今天刷到了3年前的一篇文档,,题目是:一块英伟达3080单挑180亿参数大模型,国产开源项目这回杀疯了。赶紧点进去看看,感觉好牛啊,赶快去找github源码项目区。再一看日期,2022年发布的,我的天啊,我怎么不知道啊?
或许本人有些孤陋寡闻,不过像这样逆天的东西,我应该知道啊。或者说,飞桨和昇思应该借鉴了啊!
先上个人初步判断:其实Pytorch本身速度就不太快,它擅长快速编码,不擅长快速训练。所以deepspeed和Colossal-AI都有提速的空间,比如提速50%-200%左右。
另外Colossal-AI采用高维张量并行技术等降低单卡显存压力,实现训练10倍参数规模模型的目标。个人感觉其实对大型模型的训练公司,显存压力并没有算力压力那么显而易见,而且像飞桨、昇思这样的国产AI框架,也采取了类似的技术,所以这个惊艳的项目,才会不怎么为人所知(是说跟DeepSeek和Manus等比,没有天天被营销轰炸)。
但是这样项目还是有存在的理由,就是给pytorch线路的项目提升训练速度和模型容量。
官网:https://github.com/hpcaitech/ColossalAI
gitee镜像:ColossalAI: https://github.com/hpcaitech/ColossalAI.git
实践
安装
pip install colossalai
下载源代码
git clone https://github.com/hpcaitech/ColossalAI.git
cd ColossalAI
# install dependency
pip install -r requirements/requirements.txt
# install colossalai
BUILD_EXT=1 pip install .
在kaggle测试
建立notebook
下载源代码
git clone https://github.com/hpcaitech/ColossalAI.git
安装依赖库
cd ColossalAI
# install dependency
pip install -r requirements/requirements.txt
执行训练
执行训练时,会自动下cifer10数据集
cd ColossalAI/examples/images/resnet && colossalai run --nproc_per_node 2 train.py -c ./ckpt-fp32
P100单node训练信息
Epoch [1/80]: 100%|██████████| 500/500 [00:24<00:00, 20.83it/s, loss=1.38]

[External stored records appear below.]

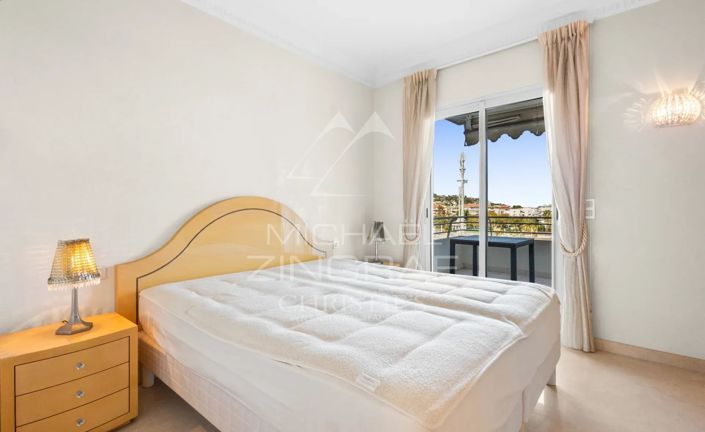 Image No.11-3 Bed Apartment for sale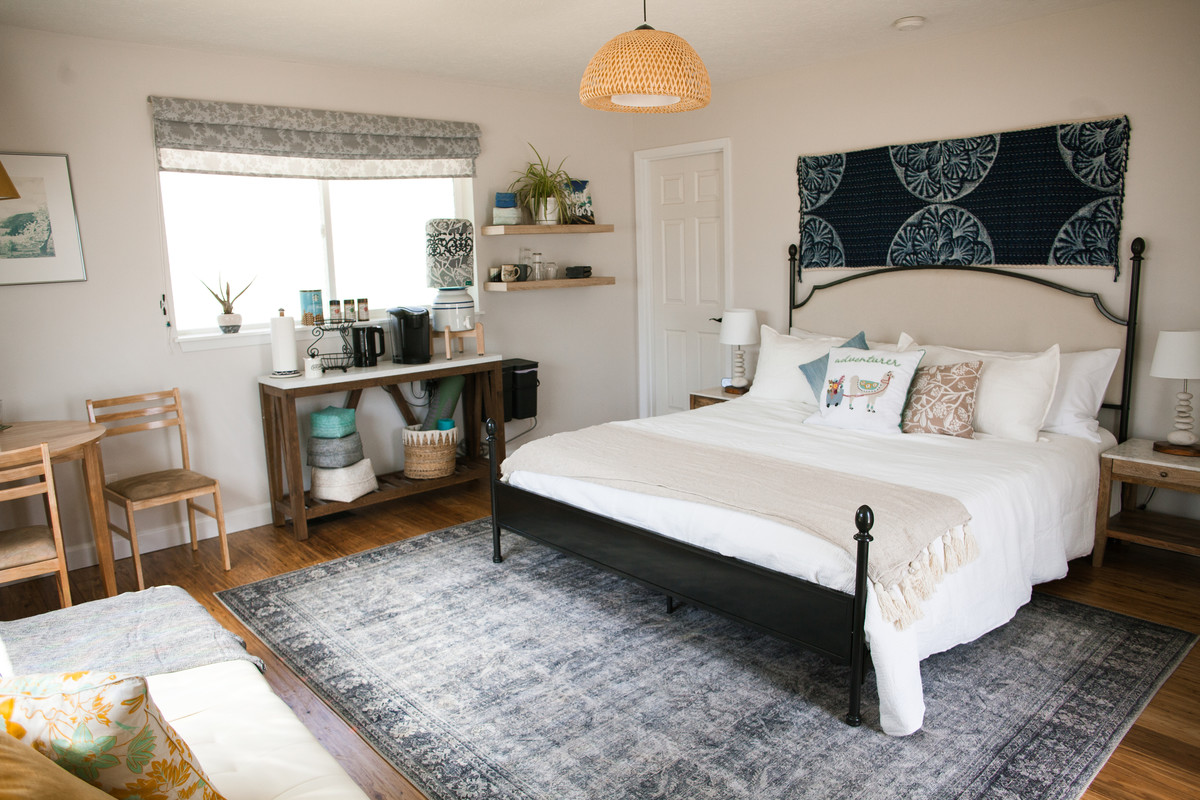  Joyful Master Suite In Heart Of Hood River W/ Private Entrance(Single Bed)  -  Joyful Master Suite w Own Entrance  - Gallery -  1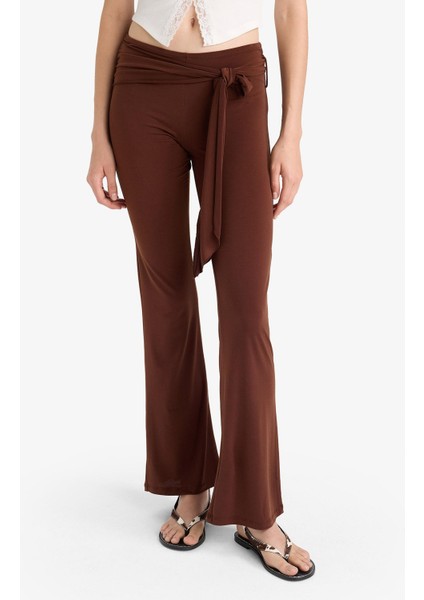 Flare Fit Normal Bel Bağlamalı Standart Boy Pantolon indirimleri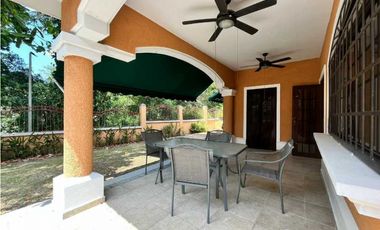 VENTA DE CASA 3 REC 3.5 BAÑOS 444 MTS CLAYTON VILLAGE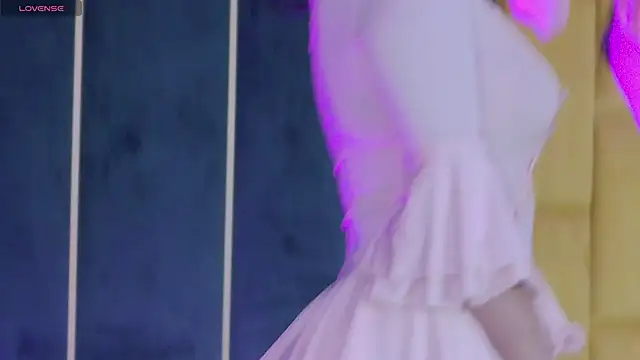 GiuliaHarvey online show from November 11, 3:56 pm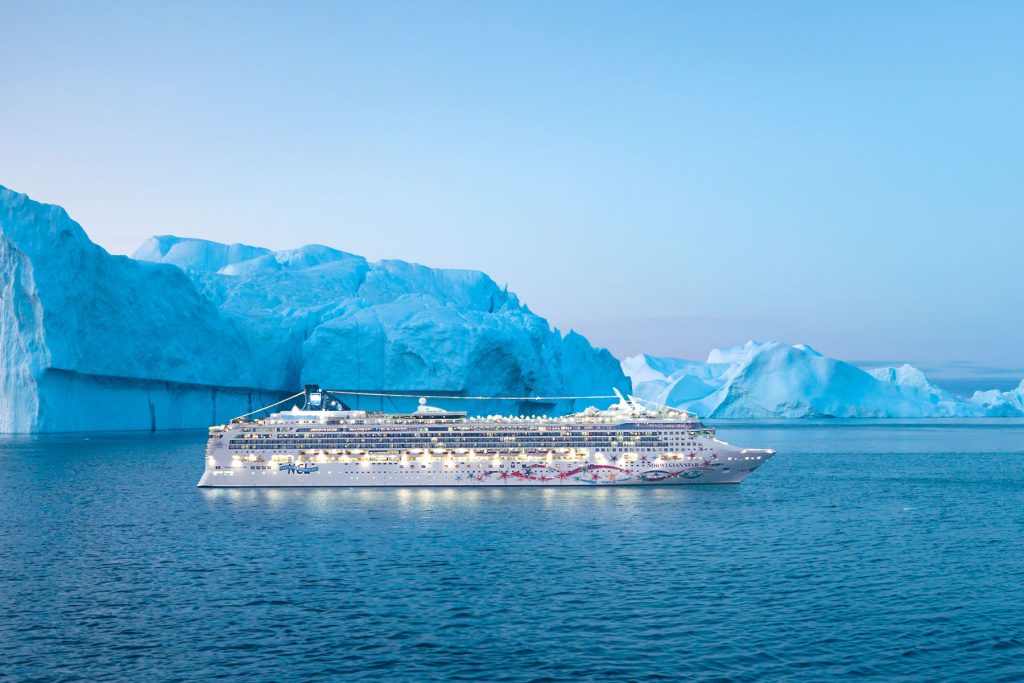 norwegian star in antarctica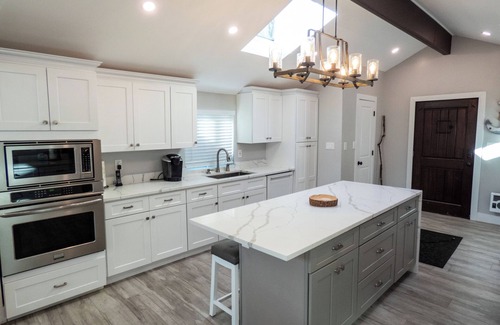 Monticello House | Sun Drenched Lakefront Cove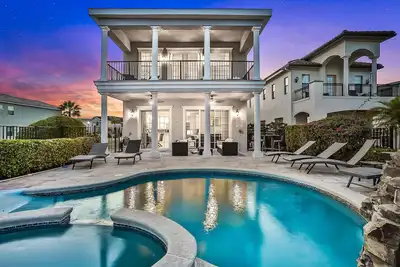 Image de Oasis Villa | 5 Bed, 4. 5 Baths, 3, 200 Sq. Ft. , Theater and Game Room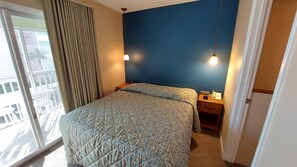 2 bedrooms, desk, iron/ironing board, free WiFi - Walk out to the Beach from your 2 Bedroom Condo or swim in the pool. Sleeps 6 (St. Pete Beach)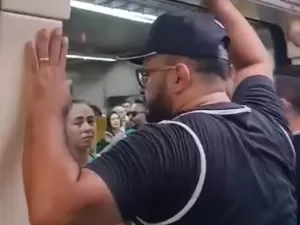 Membros da Gaviões barram bolsonaristas em metrô de SP: 'Não vão entrar'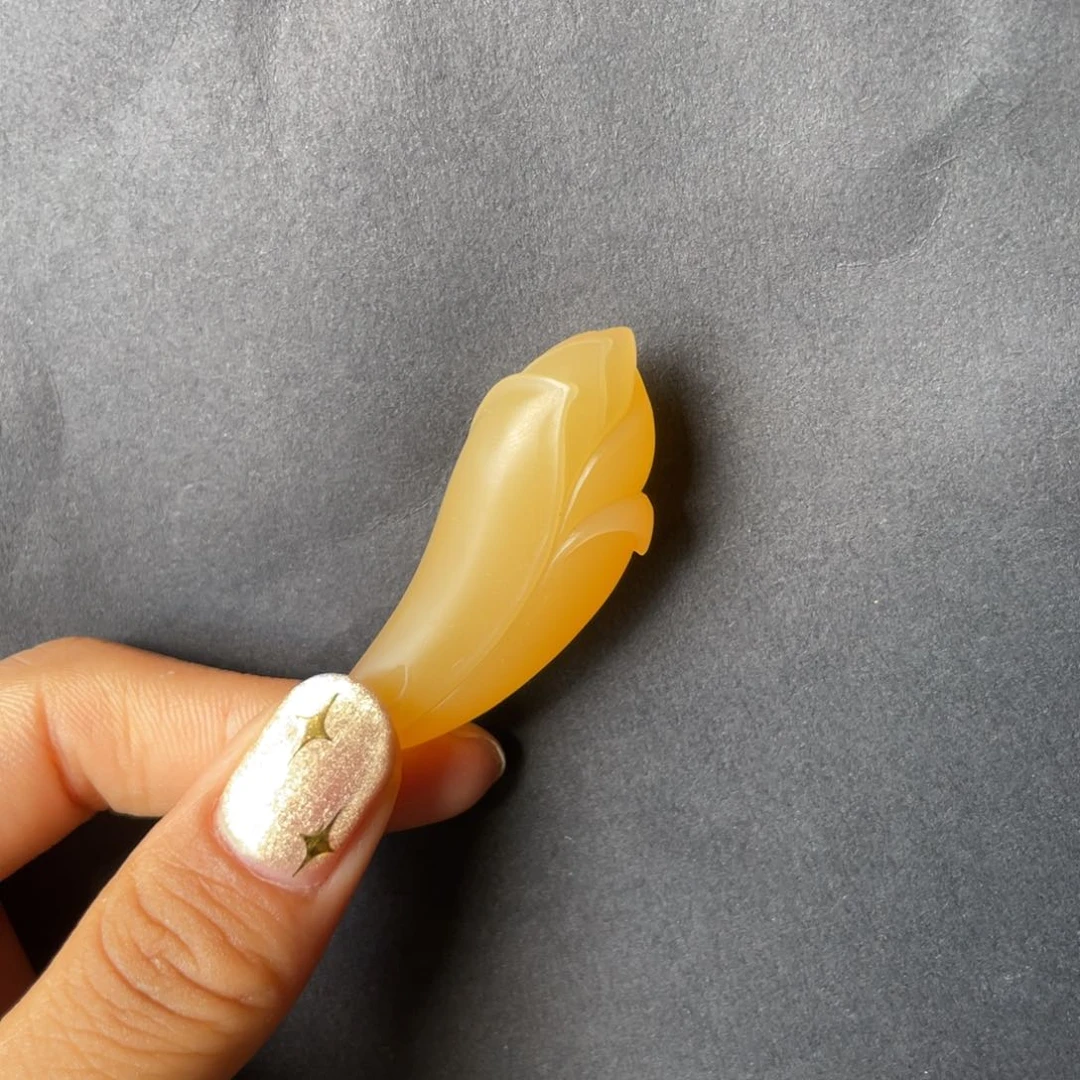 石英岩玉黄蜡石挂件未镶嵌摄**抖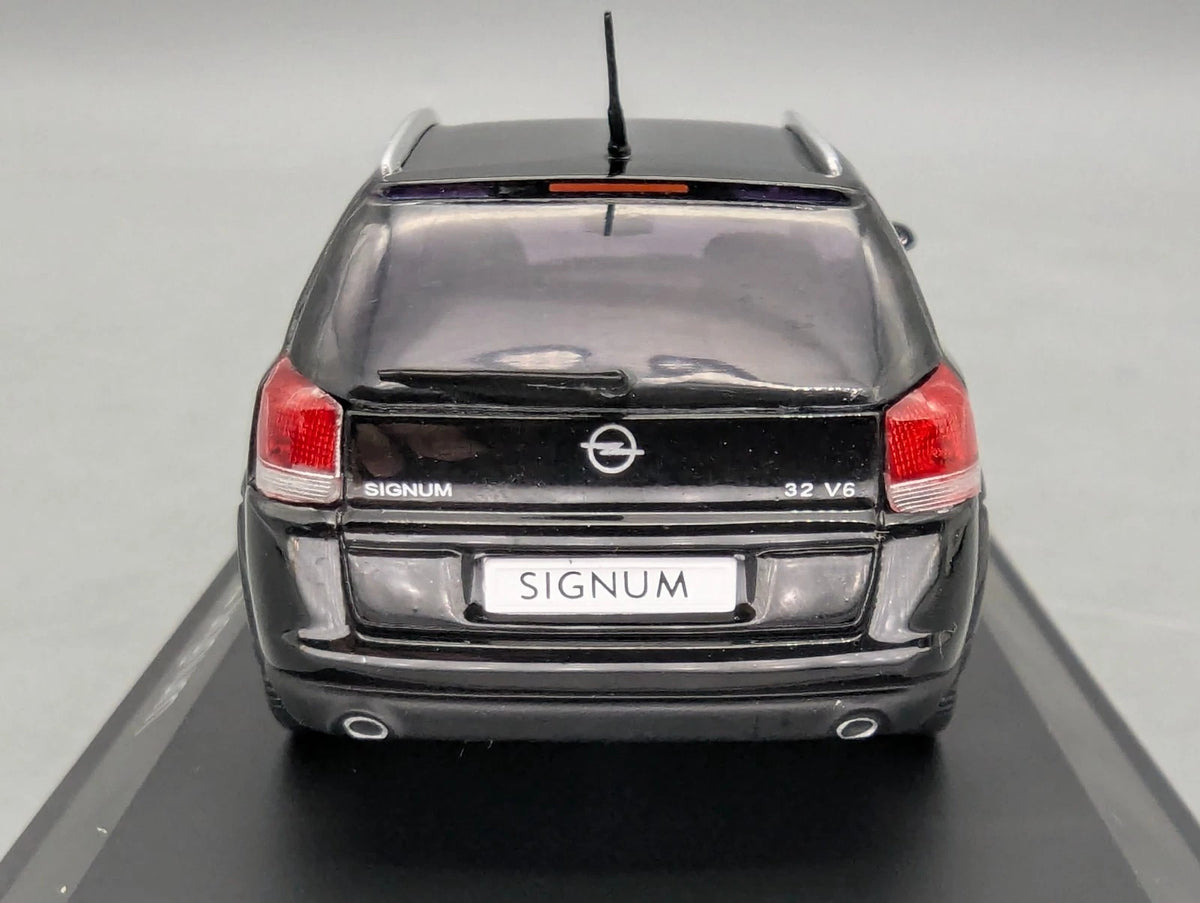 Modellautos 1:43 Schuco Opel Signum Schwarz mit Dealer OVP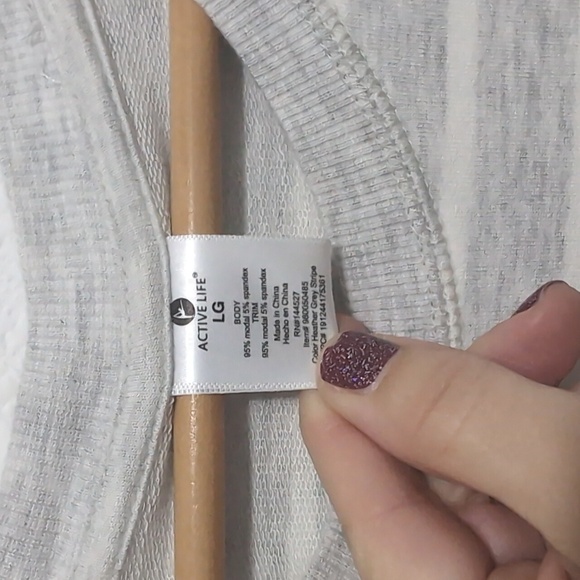 4/$12 Active Life Crossover Hem Athletic Sweatshirt Gray White Stripes Large - Picture 5 of 6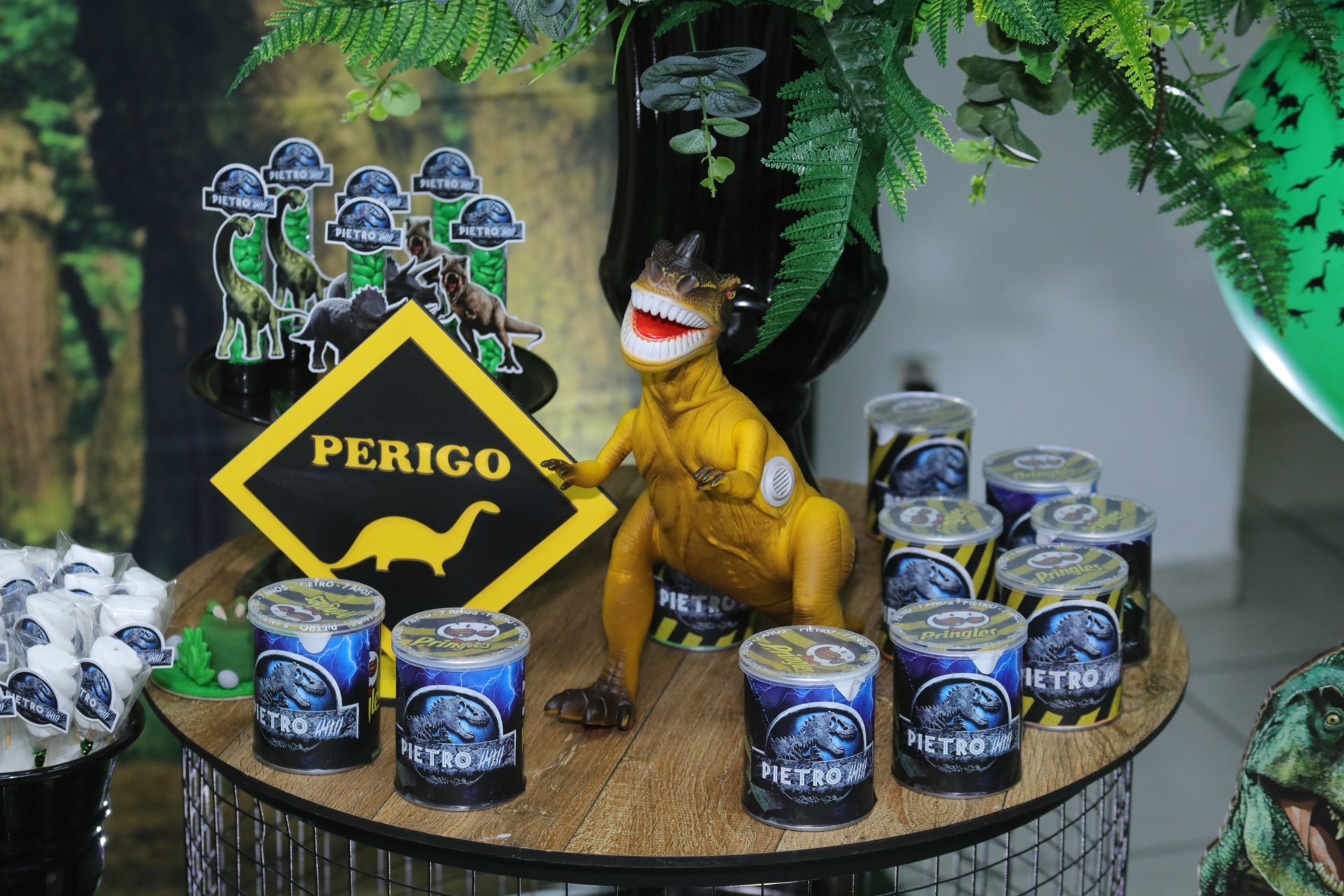 Foto Pietro 7 - Jurassic World - Turma do Juba Buffet - Imagem 6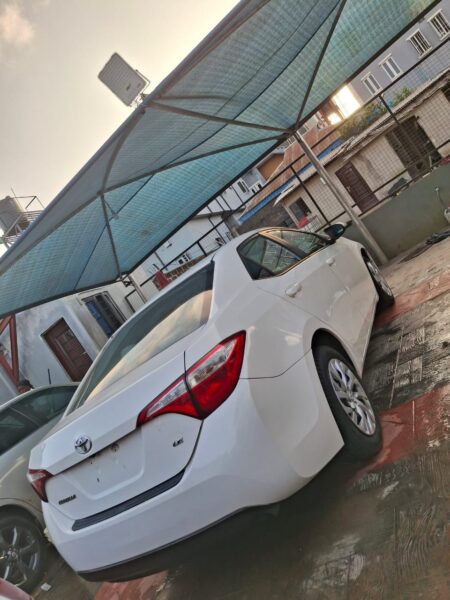 Toyota corolla LE 2015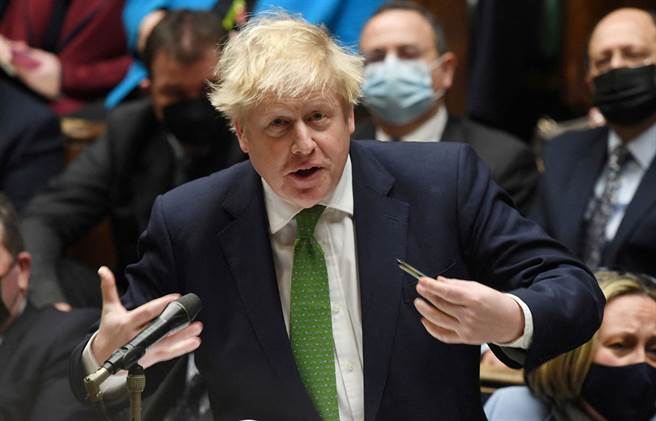 英相强森1月19日在伦敦国会发言的神情。（路透）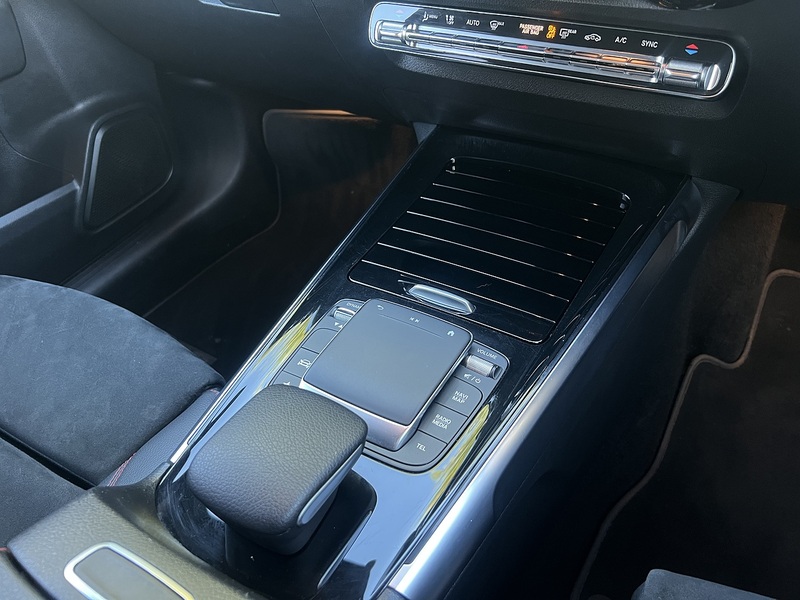 Mercedes-Benz GLB GLB200 AMG Line - U11322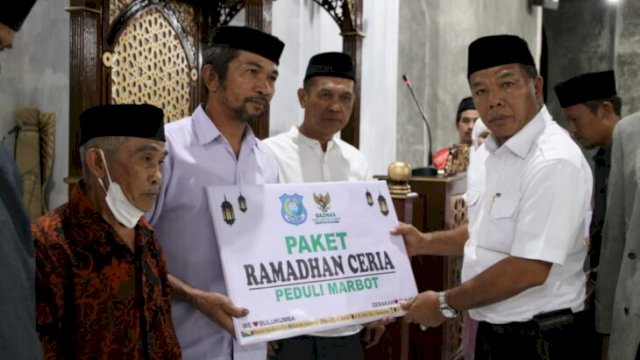 Bupati Bulukumba Muchtar Ali Yusuf menyerahkan bantuan paket dalam kegiatan Safari Ramadan, Selasa (05/04/2022). (Ist)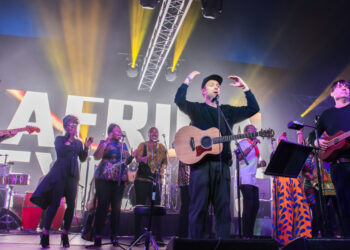 África sin Fronteras: La travesía sonora de Africa Express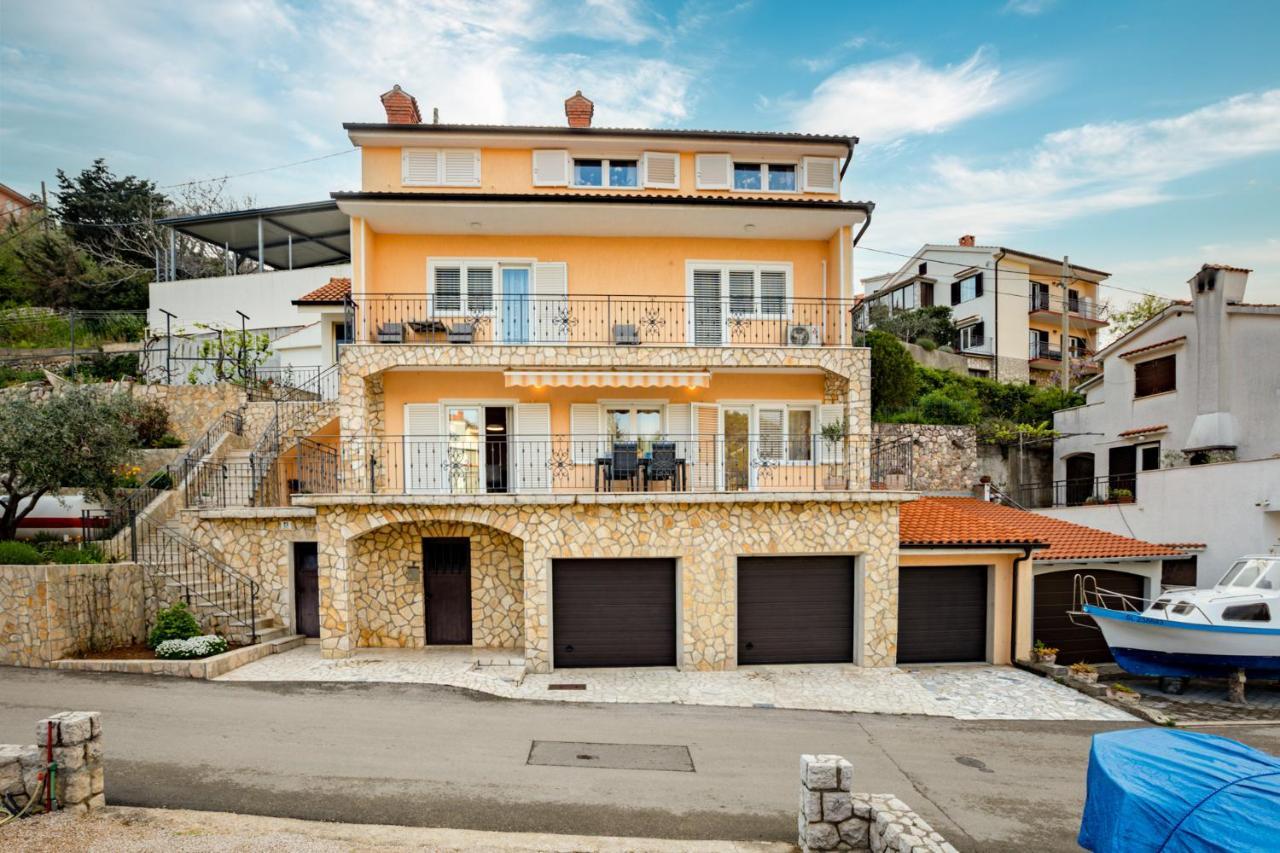 Apartman Marina Vrbnik Eksteriør billede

Epoch [2/80]: 100%|██████████| 500/500 [00:23<00:00, 21.55it/s, loss=1.13]
Epoch [3/80]: 89%|████████▉ | 447/500 [00:20<00:02, 21.20it/s, loss=1.15]
双T4 单node训练信息
Epoch [1/80]: 100%|██████████| 500/500 [00:27<00:00, 18.05it/s, loss=1.38]
Epoch [2/80]: 100%|██████████| 500/500 [00:27<00:00, 18.50it/s, loss=1.15]
Epoch [3/80]: 100%|██████████| 500/500 [00:26<00:00, 18.69it/s, loss=0.952]
双T4 双node训练信息
Epoch [1/80]: 100%|██████████| 250/250 [00:21<00:00, 11.48it/s, loss=1.31]
Epoch [2/80]: 100%|██████████| 250/250 [00:20<00:00, 12.20it/s, loss=1.12]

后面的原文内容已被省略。